International Holocaust Remembrance Day - January 27, 2021

Discussion in 'The Holocaust' started by John Ulferts, Jan 22, 2021.


Was Zylka wrong to have reacted the way that he did to the emaciated concentration camp inmate?

  1. Yes

    0 vote(s)
  2. No

    1 vote(s)
  1. John Ulferts

    John Ulferts Member

    International Holocaust Remembrance Day this year is January 27th, 2021. An estimated 11 million people died in the Holocaust - 6 million Jews and 5 million non-Jews including Russians, Poles, Catholics, Jehovah Witnesses, LGBT, and developmentally disabled. After watching white supremacist neo-Nazi hate groups accomplish what Hitler never did in storming our nation's capitol on January 6th, it is clearer than ever that we forget the lessons of the Holocaust at our nation's peril.
    What better way to confront Holocaust deniers than with the words of our own WW 2 veterans who liberated the concentration camps?
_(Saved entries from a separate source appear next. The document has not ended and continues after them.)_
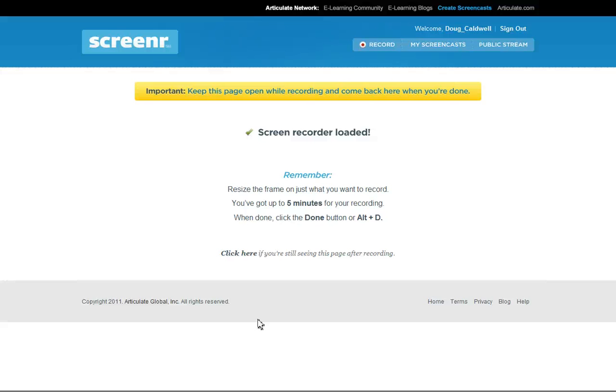Hello there. I wanted to give you a demonstration on how one can record a screencast when you're using SlideShare.net's Zipcast. Hi, my name is Doug.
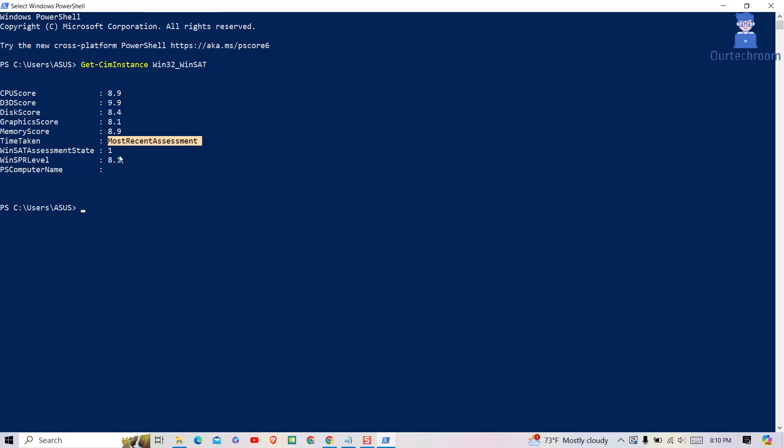Most recent assessment indicates that the scores are up to date. WinSat assessment state value of 1 typically means that the assessment was completed successfully.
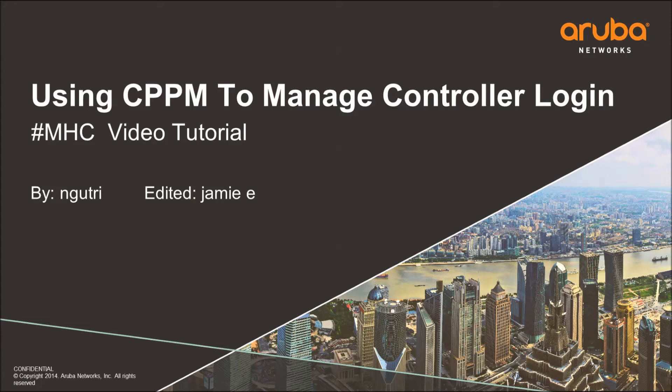Hi, this is a video tutorial to cover a topic submitted in the February Mobility Hero Contest. We will be using ClearPass Policy Manager to manage controller logins.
In my book, I interviewed a number of veterans who liberated Dachau, Buchenwald, Ohrdruf, and other concentration camps.
    Barney Zylka of Duluth, Minnesota had experienced combat in North Africa, Sicily, at Remagen Bridge, and in the Battle of the Bulge, but nothing he had experienced before prepared him for the senseless horror he found at Dachau.
    When me and a sergeant broke into Dachau, the ovens were still burning and heads and feet were still sticking out of them. I cried like a little kid and threw up there. Even dead soldiers didn’t bother me but those concentration camps I’ll never forget.
    As with Buchenwald which had been liberated only days before, the Americans forced local Germans to see for themselves the atrocities that had occurred there. Zylka wrote, “Yes, we made the German people come and see all the dead corpses lying around. They didn’t even know that was going on.” Still, Zylka questioned how the German civilians could plead ignorance to the atrocities. He had smelled the burning bodies at Dachau from 20 miles away before arriving at the camp.
    His lieutenant told Zylka to check out one of the bunkhouses and to be on guard for any German snipers hiding amongst the prisoners. Zylka entered a bunkhouse alone and found hundreds of bodies all lined up, all stacked in the bunks, not quite dead, but not quite alive either. The emaciated prisoners had not yet realized they were being liberated.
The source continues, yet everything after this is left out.